株、投信はもちろん、FX、金、不動産、いろんなものに手を出しました。
20代からの長期で投資したインデックス投信の利益を、その他の短、中期の投資で吹き飛ばすという感じでしょうか。
20年間の損益を計算したことはないのですが、感覚的にトントンです。つまり時間の分だけ大きな損失ですね。

この本は、いままでの投資での成功、失敗を科学者的かつ金融工学最先端の投資銀行勤務の見地から説明してくれました。いままでたくさんの投資の本を読みましたが、この本が一番腑に落ちました。

そして、投資で負けない方法が書いてあります。

株で100%絶対に負けない方法です。
もったいなくて言えないのですが、言います。

「投資しない」です。投資しなければ負けません。

これを軽快なタッチで、身も蓋もない論理的な説明ズバリと書いてあります。

投資をしたい、始めたい、または、うまくいかなくて、悩んでいる。そういう人におすすめです。
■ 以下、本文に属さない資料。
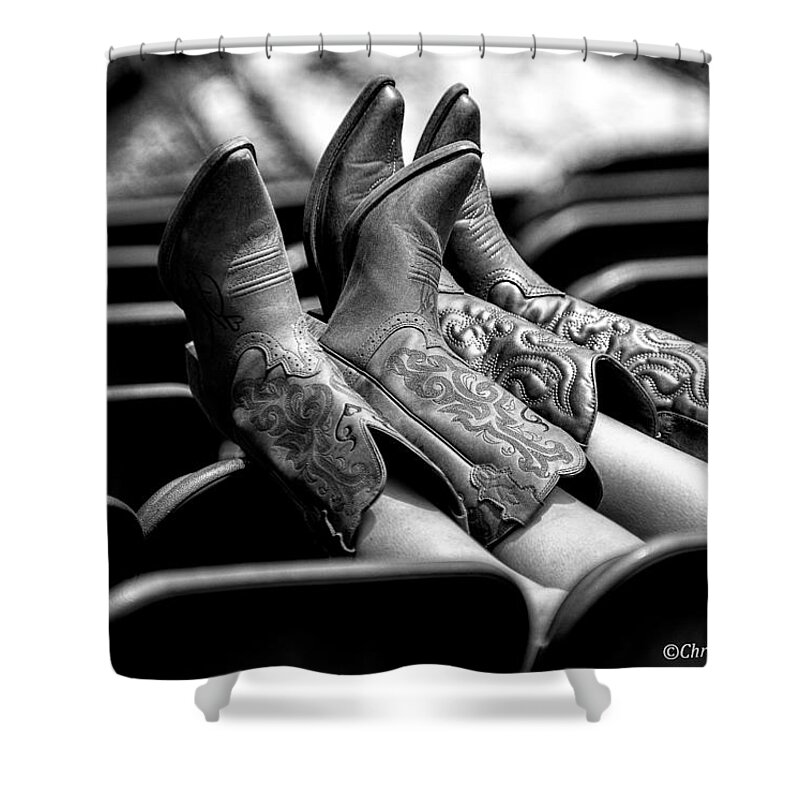 Christopher Holmes Photography Shower Curtain featuring the photograph Boots Up - BW by Christopher Holmes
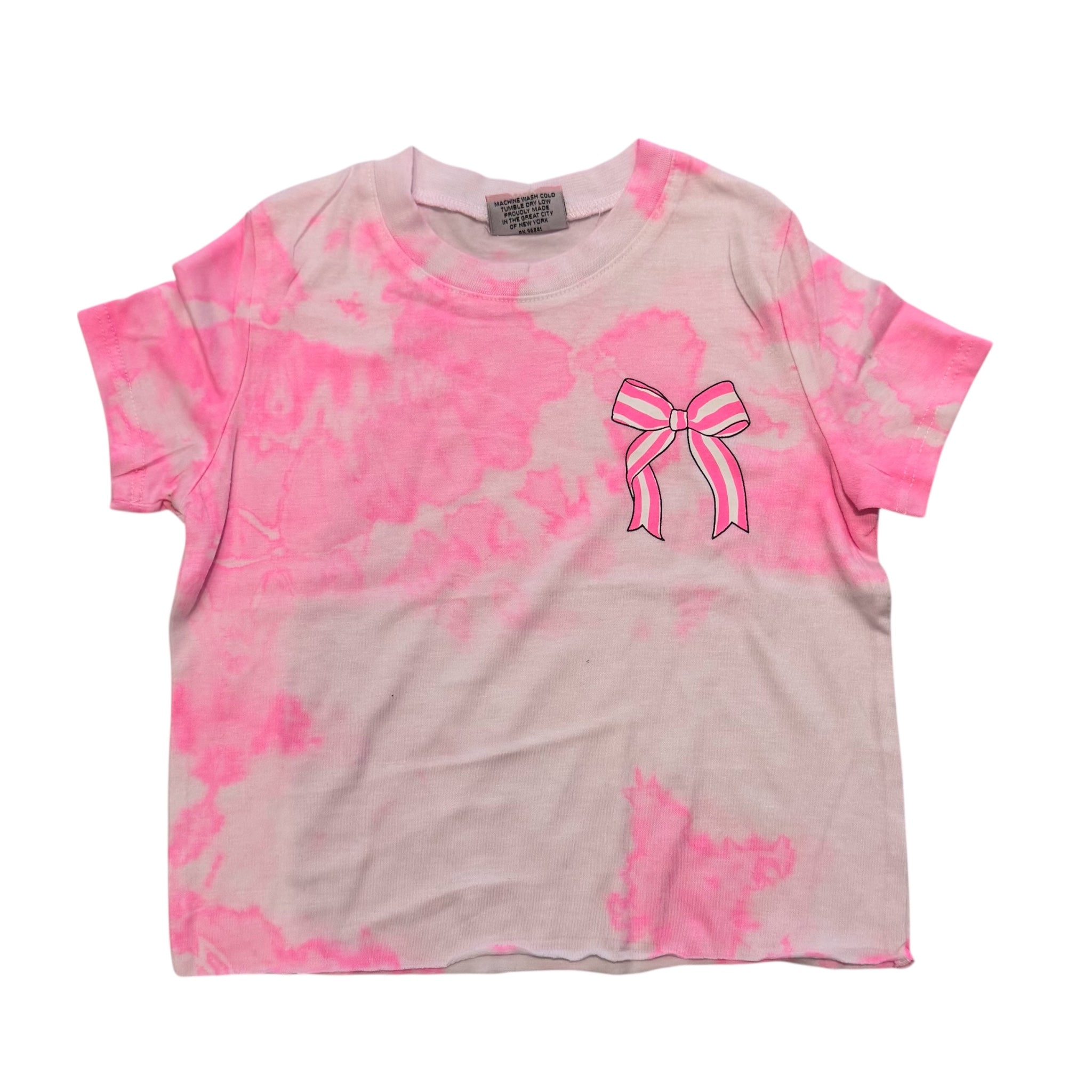 Firehouse Pink Stripe Bow Tee- Neon Pink Cloud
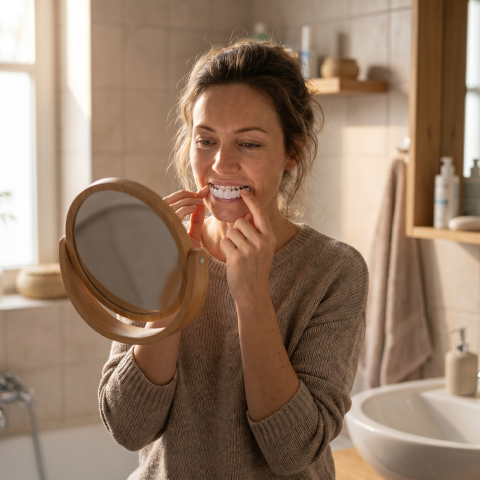 Kobieta z szerokim, pewnym siebie uśmiechem w naturalnym otoczeniu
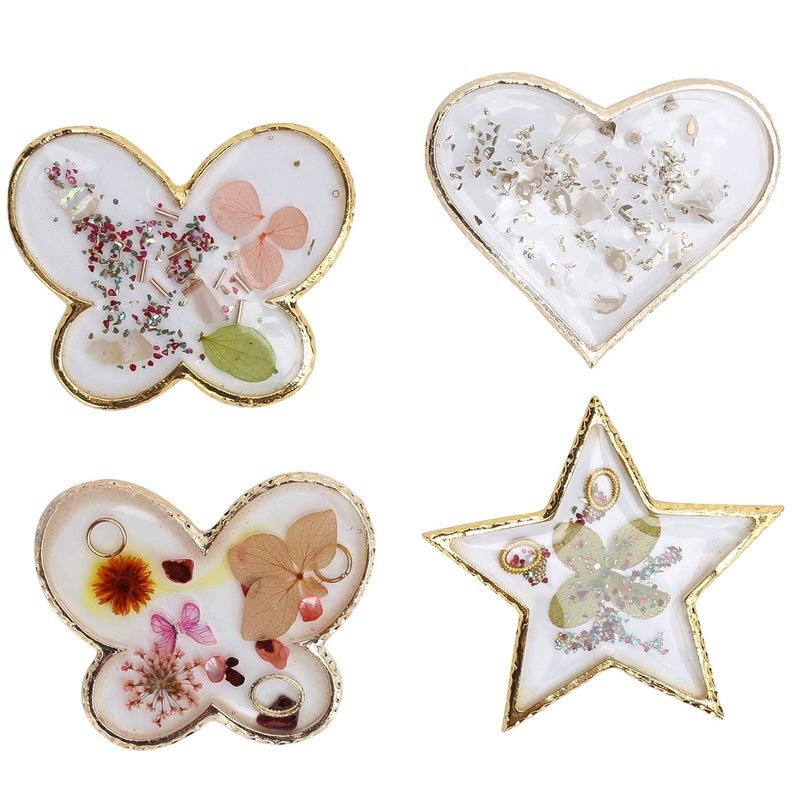 4Pcs Nail Art Mixing Palette Set, Nail Polish Palette with Gold Electroplated, Decorative Manicure Plate for Gel Lipstick Paint Display, Multi - Use Nail Palette Board for Hom - Image 1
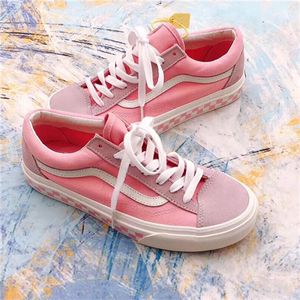 万斯范斯vans樱花粉杨幂同款帆布鞋styl36权志龙粉色翻毛皮男女鞋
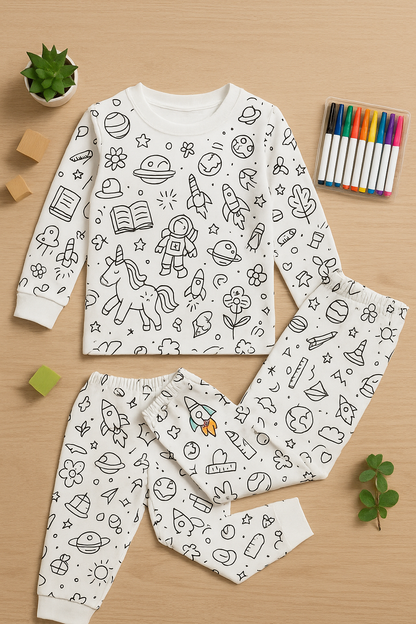 ScribbleDreams™ Sketch Colorful Children's Pajama Set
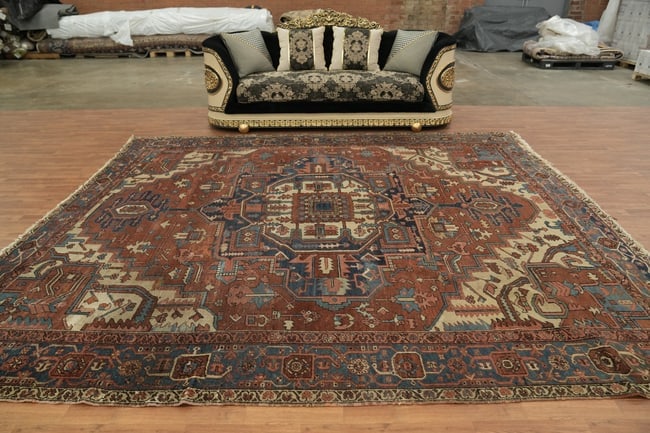 Pre-1900 Antique Heriz Serapi Persian Large Rug 11x12 - 4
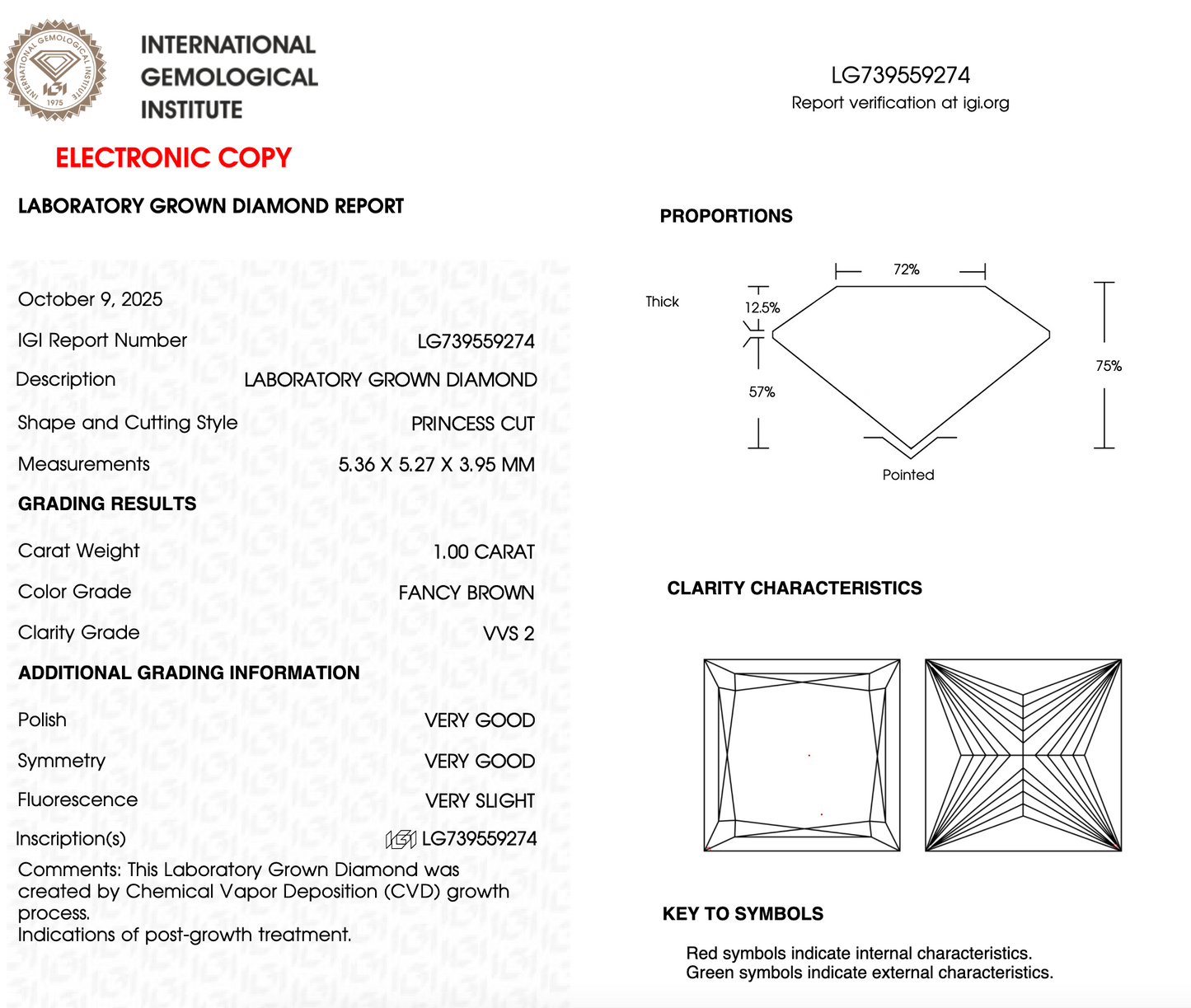 1 CT Brown Princess Cut Lab Grown Diamond For Engagement Ring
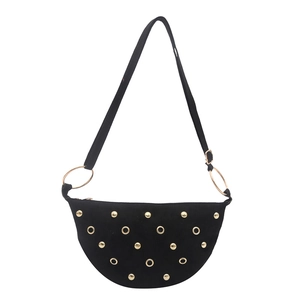 Chic black suede crescent shoulder bag with golden punk-style studs and eyelet details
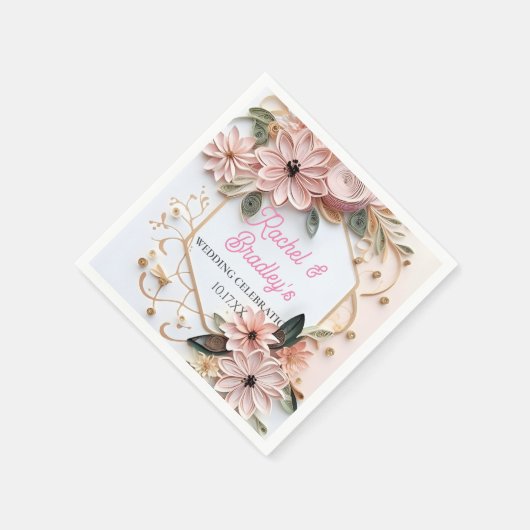 Serviette En Papier Cute Pastel Mariage Cadre papier Quitter (Coin)
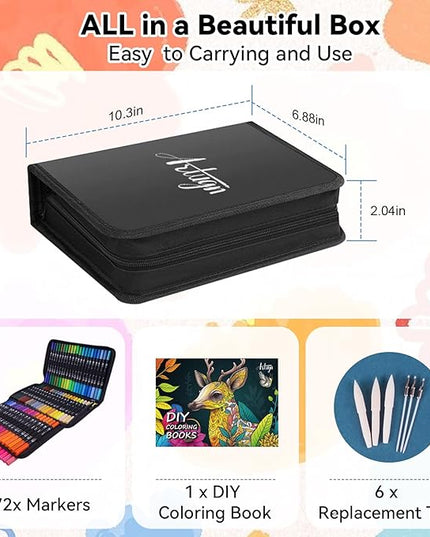 Dual Markers Brush Pens for Adult Coloring Books, 72 Colors Art Marker Set with Fine & Brush Tip Pen for Bullet Journaling, Coloring, Drawing, Hand Lettering, Calligraphy, Art Supplies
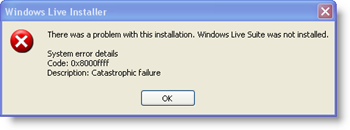 „Windows Live Installer“ sistemos klaidos kodas: 0x8000ffff - katastrofiškas gedimas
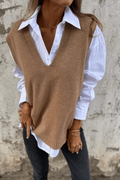 Sleeveless Knit Cardigan V-Neck Timeless Style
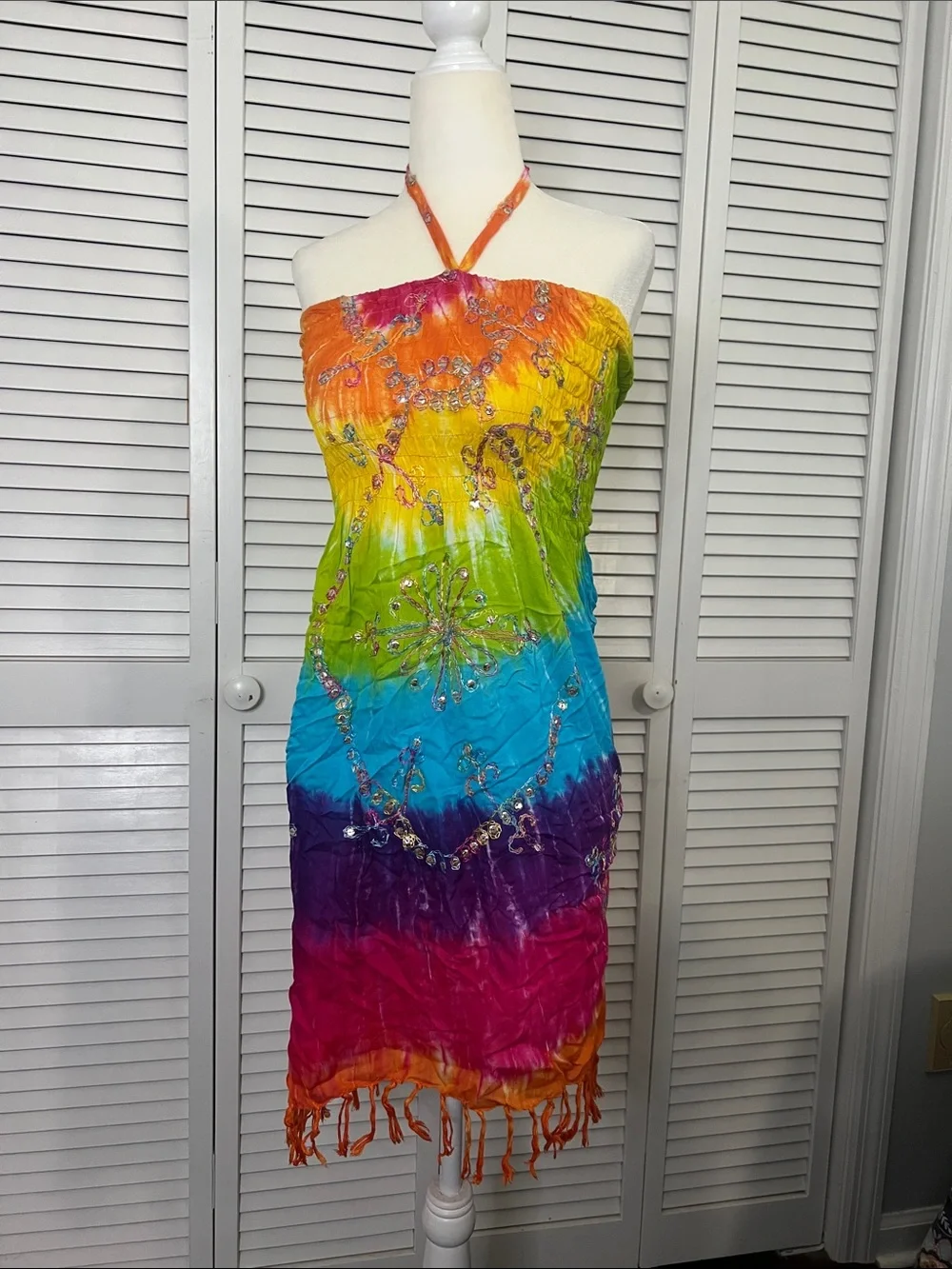 Vintage Dresses | Vintage Rainbow Strapless Beaded Tie-Dye Dress | Color: Orange/Yellow | Size: M | Pm-51203645's Closet Vintage Dresses | Vintage Rainbow Strapless Beaded Tie-Dye Dress | Color: Orange/Yellow | Size: M | Pm-51203645's Closet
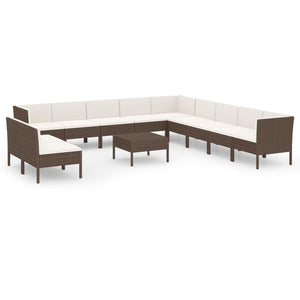 Set Divani da Giardino 12 pz con Cuscini in Polyrattan Marrone 3094475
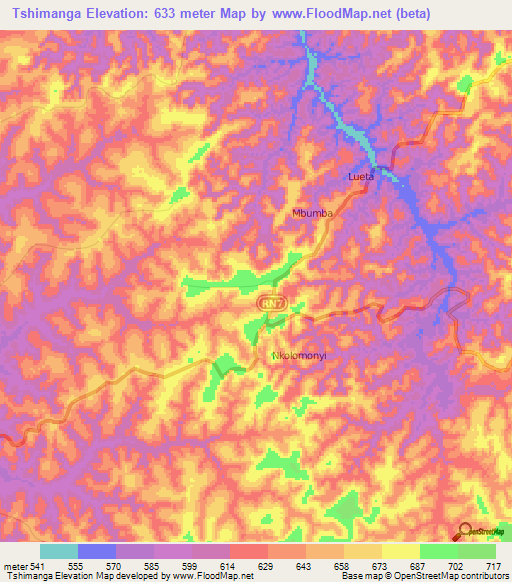 Tshimanga,Congo (Kinshasa) Elevation Map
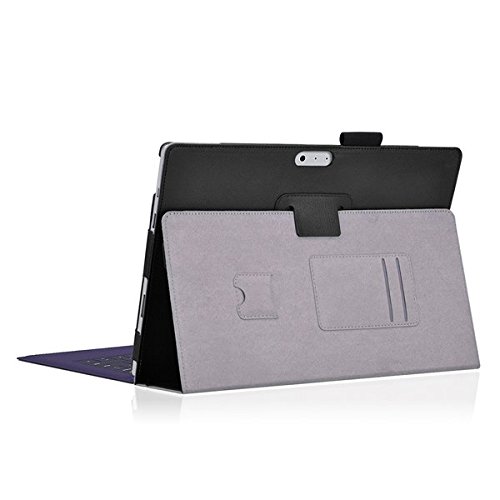 Tasche für Microsoft Surface Pro 3 mit praktischer Stand Funktion aus robustem Kunstleder und zusätzlicher Display-Schutz-Glas Panzerglas kombiniert Schutz und Design für Ihr Microsoft Surface Pro 3 Hülle Cover Case Schwarz von UC Express® - 3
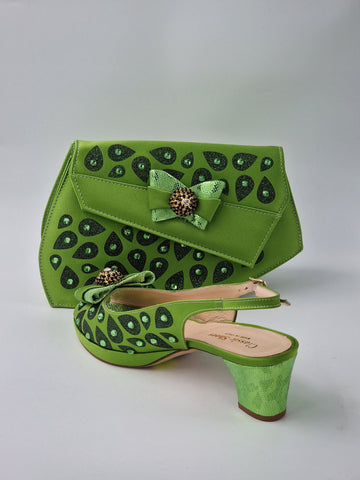 Lemon Green 'Glittered Drops' Set - Classic Shoes London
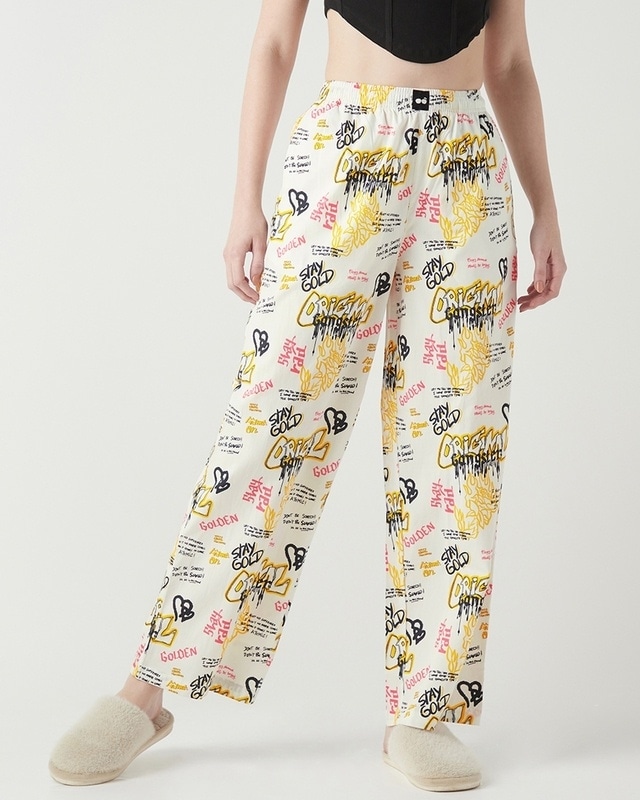 Shop Women's White All Over Printed Wide Leg Pyjamas-Front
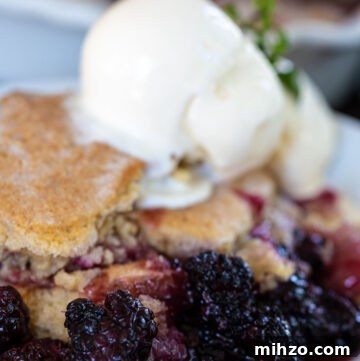 Rustic Pear Cobbler Recipe with Cinnamon and Brown Sugar 3 blackberry cobbler with vanilla ice cream on top, on a plate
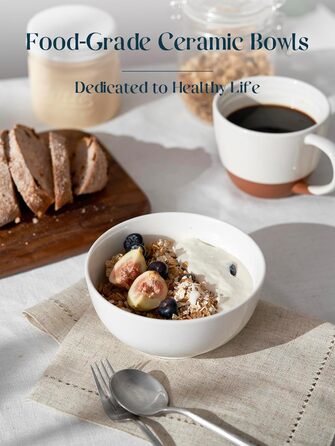 Набір з 4 мисок для супу 650 мл, білий DOWAN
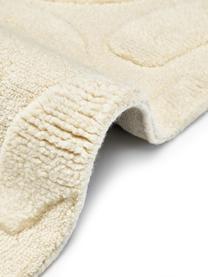 Tappeto in lana tessuto a mano con struttura in rilievo Clio, Retro: 100% cotone Nel caso dei , Beige, Larg. 80 x Lung. 150 cm (taglia XS)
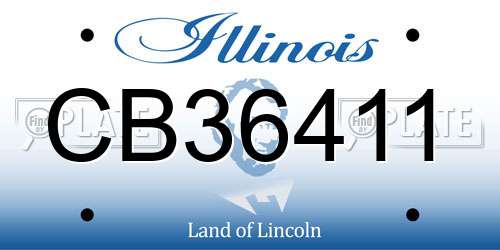 CB36411 Illinois License Plate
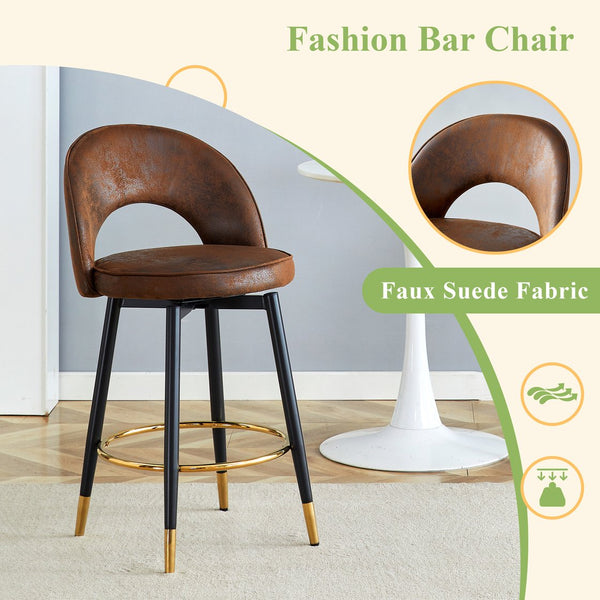 English Elm 360 Swivel Barstools Set of 2 Upholstered Techno Fabric Cushioned Counter Seats W1151P268914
私は、子供達が投資をしたいと言ったら、まず読ませる我が家必読本とします。

–この読書感想文の読み方–

本の中から、気になった言葉(文章)を引用しています。「 」の部分です。本を純粋に楽しみたい方は、ここを読まずに本を入手されてください。
「→」は、私の感想です。

読んだ人によってそれぞれ心に刺さるポイント、文章が違うと思います。
読んで見たいと思ったら、実際に読んで、再びこの文を読んでいただき、
私の着眼点との相違を楽しんでもらえれば幸いです。

そして、あなたの新しい発見や問題の解決のヒントになったら嬉しいです。

–スタート–

「市場でたまたまついている価格が、あなたの計算した真の価値より高ければ売って、安ければ買えばいいだけです。投資とはこのように非常にシンプルなものなのです。」

「素人トレーダーは、株と言う名前の紙切れをどこかの馬鹿が次はいくらで買うのかと言うたった1つの数字を予想すればいいのです。ところがファイナンス理論を勉強してしまったばっかりに、予測するのが絶望的に難しいパラメーターをたくさん計算しなければ、どこの馬鹿が次はいくら買うのかと言うたった1つの数字を決められなくなってしまったのです。」

「市場原理を18世紀の経済学者アダムスミスは「神の見えざる手」と表現しました。人々が自らの利益のために自由な市場の中で競争すれば、結果的に社会全体が豊かになっていくと言う考え方の正しさは、今も全く変わっていません。
市場原理は全員に競争を強いる弱肉強食的な面もありますが、結果的には人に最も優しい仕組みなのです。なぜならば、市場原理のもとでの競争と言うのは「他者に必要なものを提供して、どれだけ他者を幸せにできるか」と言う競争だからです。」

「このような市場の仕組みの中で、プロ同士が知恵を絞って壮絶な競争をくり広ける結果、株価は常に割高とも、割安とも言えない、絶妙な範囲のところでいつも決まっています。株価はこのような常に「正しい価格」で取引されている状態を、ファイナンス用語で効率的といいます。」

「投資のプロが、マネーゲームでライバルを出し抜いて大儲けしようと、市場で日夜活動しているからこそ、すべての会社に正しい値段がつくわけです。その結果、国民のニーズをうまく満たせる、つまり国民を幸せにできる会社に高い株価がつき、そういった会社は株式市場から資金を調達しやすくなるのでより成長していくことができます。逆に経営者が無能で、資源を無駄遣いしたりして高コストな国民のニーズにを満たすのが下手な会社は株価が低迷して、資金を調達しにくくなります。そして、最後には市場から退場させられます。活発なマネーゲームをかけて、正しい企業に正しく資金が供給され、社会全体が楽しく発展していくのです。」

→この文がこの本の真髄だと私は思います。そして、私の解釈はこうです。
世界の一流の頭脳を持つトップレベルの投資のプロ中のプロが、莫大な資金とともに、あらゆるツールを使って、24時間、365日、儲かる銘柄を探しているので、割安、割高銘柄は、瞬時に探し出され、適正価格に導かれます。つまり、その後の上がるか下がるかの要素は、表と裏を当てるコイントス、運というわけです。公的に当たる確率や還元率を制御されている、公営ギャンブルや宝くじよりは、いいけど、やはりギャンブル、楽しむならいいけど、そうでないなら、やらないことという結論でした。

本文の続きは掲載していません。